The 2015 NIDA article also states “several pre-clinical reports showing anti-tumor effects of CBD…have found reduced [cancer] cell viability, increased cancer cell death, decreased tumor growth, and inhibition of metastasis.” In December of 2016, The National Cancer Institute (NCI) reported CBD – and other cannabinoids – to be “protective effect against the development of certain types of tumors,” including breast, colon, pancreatic, and lung cancers.
The NCI further reported that “animal studies have shown CBD to have anxiolytic properties…these anxiolytic properties are mediated through unknown mechanisms,” which basically means CBD calms feelings of anxiety, we just don’t know how – yet. Also, CBD does not cause the cerebral “high” that can bring on anxiety in some cannabis users (tetrahydrocannabinol, or THC, does that), and there is some evidence that shows CBD actually counteracts some of the anxious feelings brought on by THC.
The anecdotal evidence surrounding the efficacy of CBD in treating a range of seizure and convulsive disorders is astounding, and a January 2017 article in Neurology Today states that, “several animal studies and both randomized and open-label studies have found that cannabidiol oil (CBD) shows promise in treating seizure disorders, but questions remain about proper dosages to apply, the potential for adverse effects, and the drug-drug interactions with other antiepileptic drugs (AEDS).”
The United States Government Patent #6,630,507 states that “cannabinoids have been found to have antioxidant properties, unrelated to NMDA receptor antagonism,” and that this attribute “makes cannabinoids useful in the treatment and prophylaxis of wide variety of oxidation associated diseases, such as ischemic, age-related, inflammatory and autoimmune diseases.” The Patent says CBD acts by “preventing or treating diseases caused by oxidative stress,” and like other cannabinoids can “easily penetrate tissues, giving them the ability to enter the central nervous system and brain.”

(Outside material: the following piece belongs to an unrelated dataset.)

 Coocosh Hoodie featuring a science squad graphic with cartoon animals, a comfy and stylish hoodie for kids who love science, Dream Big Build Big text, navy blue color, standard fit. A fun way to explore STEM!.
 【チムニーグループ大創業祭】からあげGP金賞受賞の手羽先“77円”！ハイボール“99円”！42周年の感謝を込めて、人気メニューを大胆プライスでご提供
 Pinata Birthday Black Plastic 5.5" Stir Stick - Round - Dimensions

The NIDA notes that CBD has “shown to have neuroprotective properties in cell cultures as well as in animal models of several neurodegenerative diseases,” including Alzheimer’s, Parkinson’s, Multiple Sclerosis (MS), and neurodegeneration caused by alcohol abuse. In 2016, a research team in China reported that “CBD had been shown to reverse the reduction in neuronal viability and the increased excitoxicity, inflammation, and oxidative stress” and the aforementioned U.S. patent states that “cannabinoids are found to have particular application as neuroprotectants, for example in limiting neurological damage following ischemic insults, such a stroke and trauma, or in the treatment of neurodegenerative diseases, such as Alzheimer’s disease, Parkinson’s disease, and HIV dementia.”